Using the following PySpark code I have successfully managed to mount an azure onelake storage account. However when I attempt to read display the path using display(dbutils.fs.ls('/mnt/lake'))
I get the following error:
Operation failed: "Forbidden", 403, GET, https://onelake.dfs.fabric.microsoft.com/DataEngineeringWKSP?upn=false&resource=filesystem&maxResults=5000&directory=my_lakehouse.Lakehouse&timeout=90&recursive=false, Forbidden, "User is not authorized to perform current operation for workspace 'xxxxxx-ad19-489b-944e-82d6fc013b87', artifact 'xxxxx-3c39-44b8-8982-ddecef9e829c'."
I get a similar error when I attempt to read files in the onelake account:
Operation failed: "Forbidden", 403, HEAD, https://onelake.dfs.fabric.microsoft.com/DataEngineeringWKSP/sqlite_lakehouse.Lakehouse/Files/expdata.csv?upn=false&action=getStatus&timeout=90
The code I used to mount the onelake storage account is as follows:
url = "abfss://DataEngineeringWKSP@onelake.dfs.fabric.microsoft.com/sqlite_lakehouse.Lakehouse"
mount_folder = "/mnt/lake"
# OAuth configuration settings for OneLake
configs = {
"fs.azure.account.auth.type.onelake.dfs.fabric.microsoft.com": "OAuth",
"fs.azure.account.oauth.provider.type.onelake.dfs.fabric.microsoft.com": "org.apache.hadoop.fs.azurebfs.oauth2.ClientCredsTokenProvider",
"fs.azure.account.oauth2.client.id.onelake.dfs.fabric.microsoft.com": "xxxxxx-a061-4899-994b-81253d864bc8",
"fs.azure.account.oauth2.client.secret.onelake.dfs.fabric.microsoft.com": "xxxxxx~1Q.B-Ey12zs066D_G3.E6bslnE_LqY-aFs",
"fs.azure.account.oauth2.client.endpoint.onelake.dfs.fabric.microsoft.com": "https://login.microsoftonline.com/xxxxxxxxxxxxxf12fc6/oauth2/token"
}
mounted_list = dbutils.fs.mounts()
mounted_exist = False
for item in mounted_list:
if mount_folder in item.mountPoint:
mounted_exist = True
break
if not mounted_exist:
dbutils.fs.mount(source=url, mount_point=mount_folder, extra_configs=configs)
I believe I need to add permissions in the Azure Fabric workspace, but I'm struggling to locate exactly where to add the permissions
ERROR: Operation failed: "Forbidden", 403, GET, https://onelake.dfs.fabric.microsoft.com/DataEngineeringWKSP?upn=false&resource=filesystem&maxResults=5000&directory=my_lakehouse.Lakehouse&timeout=90&recursive=false,Forbidden, "User is not authorized to perform current operation for workspace 'xxxxxx-ad19-489b-944e-82d6fc013b87', artifact 'xxxxx-3c39-44b8-8982-ddecef9e829c'."

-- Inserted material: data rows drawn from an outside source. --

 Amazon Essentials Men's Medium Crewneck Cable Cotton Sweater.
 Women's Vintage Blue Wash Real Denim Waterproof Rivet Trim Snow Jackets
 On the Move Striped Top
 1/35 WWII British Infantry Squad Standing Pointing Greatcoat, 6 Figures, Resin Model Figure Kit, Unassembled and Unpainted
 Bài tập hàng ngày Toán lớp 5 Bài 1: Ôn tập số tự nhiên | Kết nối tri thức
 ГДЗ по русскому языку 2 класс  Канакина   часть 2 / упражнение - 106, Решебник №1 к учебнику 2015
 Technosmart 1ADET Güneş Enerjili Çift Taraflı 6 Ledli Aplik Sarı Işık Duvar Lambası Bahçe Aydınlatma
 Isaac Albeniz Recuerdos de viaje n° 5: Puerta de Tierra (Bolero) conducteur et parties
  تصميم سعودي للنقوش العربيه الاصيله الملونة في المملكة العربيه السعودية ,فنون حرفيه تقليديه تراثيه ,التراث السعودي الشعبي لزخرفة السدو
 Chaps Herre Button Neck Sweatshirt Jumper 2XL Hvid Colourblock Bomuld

Means that your current user identity does not have permission to access the specified OneLake workspace or Lakehouse artifact.

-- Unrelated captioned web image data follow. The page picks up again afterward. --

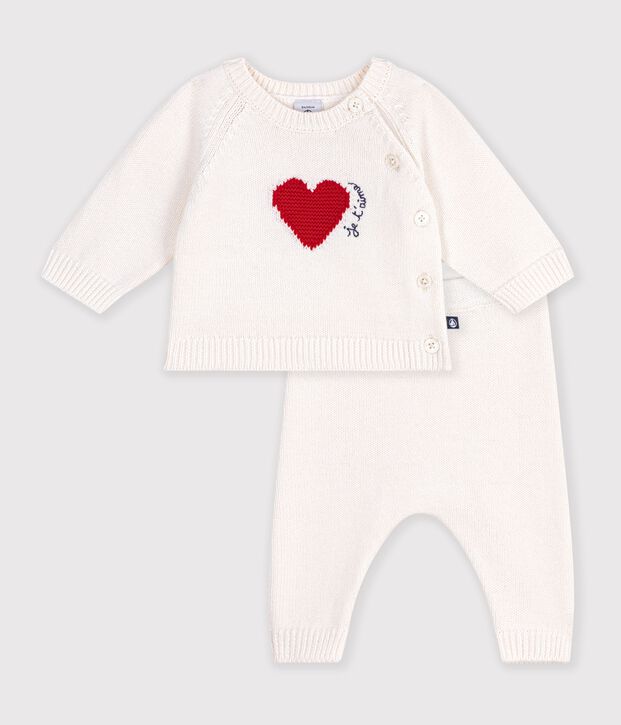Jacquard heart-patterned knitted outfit for babies red/red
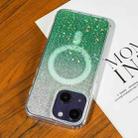 For iPhone 15 Plus Gradient Glitter Starry MagSafe Phone Case(Gradient Green) - 1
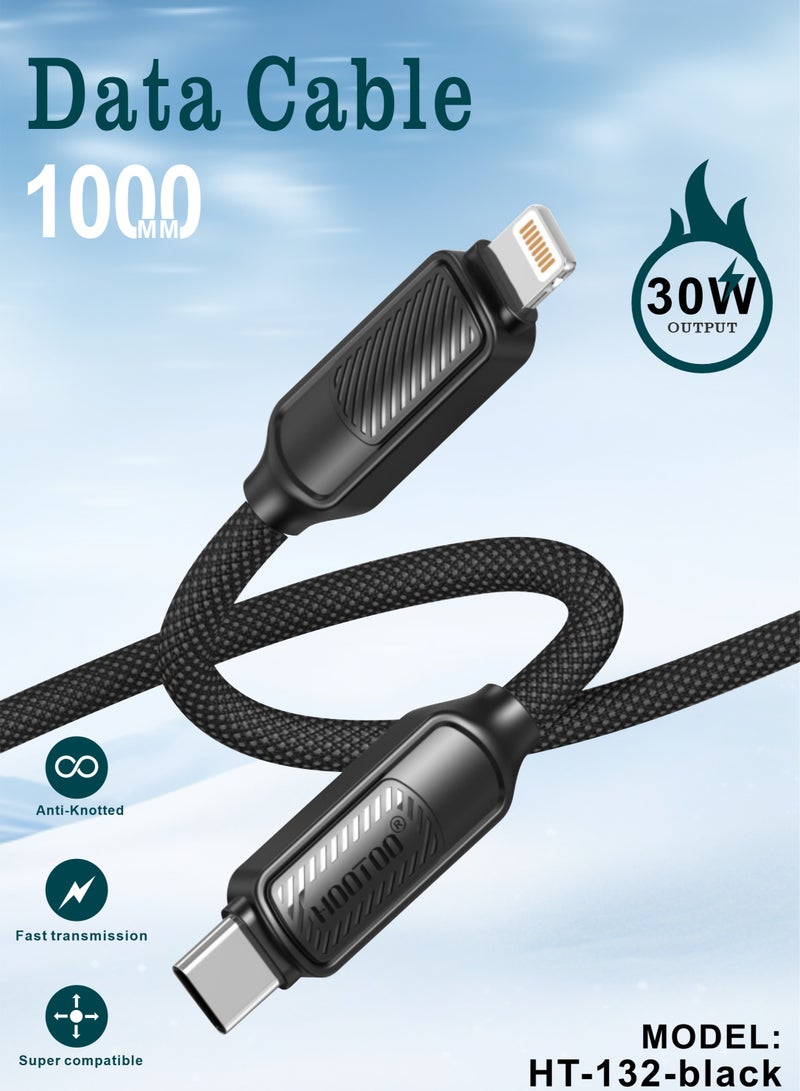 هوتو سلك شاحن تايب سي ايفون بقوة 30 واط. كيبل ايفون لايتنينج لنقل البيانات. سلك ايفون متوافق لهواتف ايفون 14, 13, 12, 11, X. سلك شاحن ايفون اصلي تايب سي قماش ضد القطع. كيبل ايفون. سلك شاحن ايفون تايب سي يدعم الشحن السريع. - Image 4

As you mentioned you want provide the permission to the service principal you can follow the below steps:
First Under the Admin portal
Next, to grant access to a service principal Now that the feature is enabled, you can grant a service principal or managed identity access to your Fabric Workspace. To do this, navigate to the desired workspace and select Manage access.
Next, click on + Add people or groups, then type the name of your service principal or managed identity. When it appears in the suggestions, select it and click Add.
Available roles:
Admin: Grants full control over the Workspace, including deletion rights. It's generally not recommended for service principals due to its high level of access.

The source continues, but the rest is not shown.